Hey, look! It's one of my favorite wonks, Tony Venhuizen, director of policy and communications for the Governor, talking with School Administrators of South Dakota exec John Pedersen about the governor's proposed education reforms:

Some highlights:

  • [5:50] Pedersen asks Venhuizen if the Common Core Standards and training therein, increased standardized testing, a state-mandated uniform teacher evaluation system, and (most importantly) bonuses (boni!) for all math and science teachers and the best-ranked 20% of teachers in each school will improve student achievement. Venhuizen says that the data show that the status quo is producing results that beat national averages, but they aren't showing any upward trend. I brace for some serious wonk evidence... but Venhuizen just says the governor "really believes" his plan will make a difference.
  • [7:50] Pedersen says that when he was superintendent at Pierre, he found career and technical education professionals even harder to recruit than math and science teachers. Pedersen asks if we ought to consider incentives for other important, hard-to-fill teaching assignments. Venhuizen says math and science are key to CTE, but notes later that the governor is offering "a plan, not the plan" and hopes to draw lots of discussion. O.K.: how about incentives to help hire really hard-to-find foreign language teachers?
  • Pedersen says that when he served on the statewide committee that developed our new standards, educators were assured the state would still allow local districts to implement their own teacher evaluation instruments.
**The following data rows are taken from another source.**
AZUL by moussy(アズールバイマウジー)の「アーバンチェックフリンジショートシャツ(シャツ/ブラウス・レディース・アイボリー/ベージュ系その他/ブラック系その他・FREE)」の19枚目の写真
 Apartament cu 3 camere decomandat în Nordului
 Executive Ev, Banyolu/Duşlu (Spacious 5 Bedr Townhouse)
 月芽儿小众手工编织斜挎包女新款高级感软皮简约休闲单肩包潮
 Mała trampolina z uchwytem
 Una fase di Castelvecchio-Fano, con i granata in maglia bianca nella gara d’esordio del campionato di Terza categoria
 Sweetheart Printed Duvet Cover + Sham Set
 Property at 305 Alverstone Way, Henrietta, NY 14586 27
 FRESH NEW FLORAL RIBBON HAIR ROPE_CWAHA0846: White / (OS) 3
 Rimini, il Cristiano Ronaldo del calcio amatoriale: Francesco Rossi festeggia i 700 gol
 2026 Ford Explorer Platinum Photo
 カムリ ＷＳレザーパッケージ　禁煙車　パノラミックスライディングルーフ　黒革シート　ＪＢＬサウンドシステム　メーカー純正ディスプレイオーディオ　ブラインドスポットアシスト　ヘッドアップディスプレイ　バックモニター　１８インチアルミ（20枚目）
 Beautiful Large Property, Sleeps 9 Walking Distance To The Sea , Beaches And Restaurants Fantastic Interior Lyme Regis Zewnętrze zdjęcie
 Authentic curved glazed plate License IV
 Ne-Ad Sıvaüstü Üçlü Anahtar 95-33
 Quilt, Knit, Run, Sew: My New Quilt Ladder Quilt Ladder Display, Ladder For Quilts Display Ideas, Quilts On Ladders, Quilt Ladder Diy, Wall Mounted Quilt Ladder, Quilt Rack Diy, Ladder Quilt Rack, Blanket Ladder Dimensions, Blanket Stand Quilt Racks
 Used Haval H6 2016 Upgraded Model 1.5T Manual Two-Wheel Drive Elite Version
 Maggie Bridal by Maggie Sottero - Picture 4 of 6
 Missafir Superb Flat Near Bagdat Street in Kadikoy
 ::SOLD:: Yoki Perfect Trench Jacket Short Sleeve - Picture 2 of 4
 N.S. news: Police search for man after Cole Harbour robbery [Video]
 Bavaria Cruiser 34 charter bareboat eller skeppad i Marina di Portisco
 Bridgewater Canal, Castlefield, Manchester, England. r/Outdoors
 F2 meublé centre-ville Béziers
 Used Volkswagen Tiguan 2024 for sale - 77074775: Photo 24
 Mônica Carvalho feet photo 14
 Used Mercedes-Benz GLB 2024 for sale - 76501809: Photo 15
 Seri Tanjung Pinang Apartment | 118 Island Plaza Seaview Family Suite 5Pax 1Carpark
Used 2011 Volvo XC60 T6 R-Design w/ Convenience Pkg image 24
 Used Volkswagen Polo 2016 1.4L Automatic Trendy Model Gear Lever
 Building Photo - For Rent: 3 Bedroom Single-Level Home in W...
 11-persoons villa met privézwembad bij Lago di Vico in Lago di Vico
Now Governor Daugaard wants to impose a statewide system. Venhuizen assures us that all stakeholders—administrators, teachers, parents—will have a chance to participate in crafting the new statewide evaluation instrument. However, says, Venhuizen, if we're going to use teacher evaluations for state-funded bonuses and spend millions on training in teacher evaluation, we have to have a uniform state system of teacher evaluation. We're going to train all these people in a statewide system, so we'd better have a statewide system... does that sound circular to you?

4 Comments

  1. Michael Black 2012.01.12

    Are students only going to be taught to pass a different standardized test to fulfill the wishes of our governor?

  2. LK 2012.01.12

    Michael,

    The answer is yes, Also, some textbook company in Texas will be paid $1,000,000 to create the test

  3. mike 2012.01.12

    Tony is a unique individual.

  4. Donald Pay 2012.01.12

    DD needs a course in basic statistics. Can we bubble test him on this stuff?

    He's concerned about "no upward trend." Such a trend would be nearly impossible to show for the pool of South Dakota students within a larger pool of national students whose states are also improve. If everyone is improving, you're going to stay locked in at where you are. If education is in free fall everywhere else and it is failing at a slower rate in South Dakota, we'd see an upward trend relative to other states, but I don't think that's what DD is aiming for. What you can say is South Dakota is maintaining it's above average scores at about the same relative level in the face of national efforts to improve education.

    I'm not sure that any of the national tests could ever show much of a trend.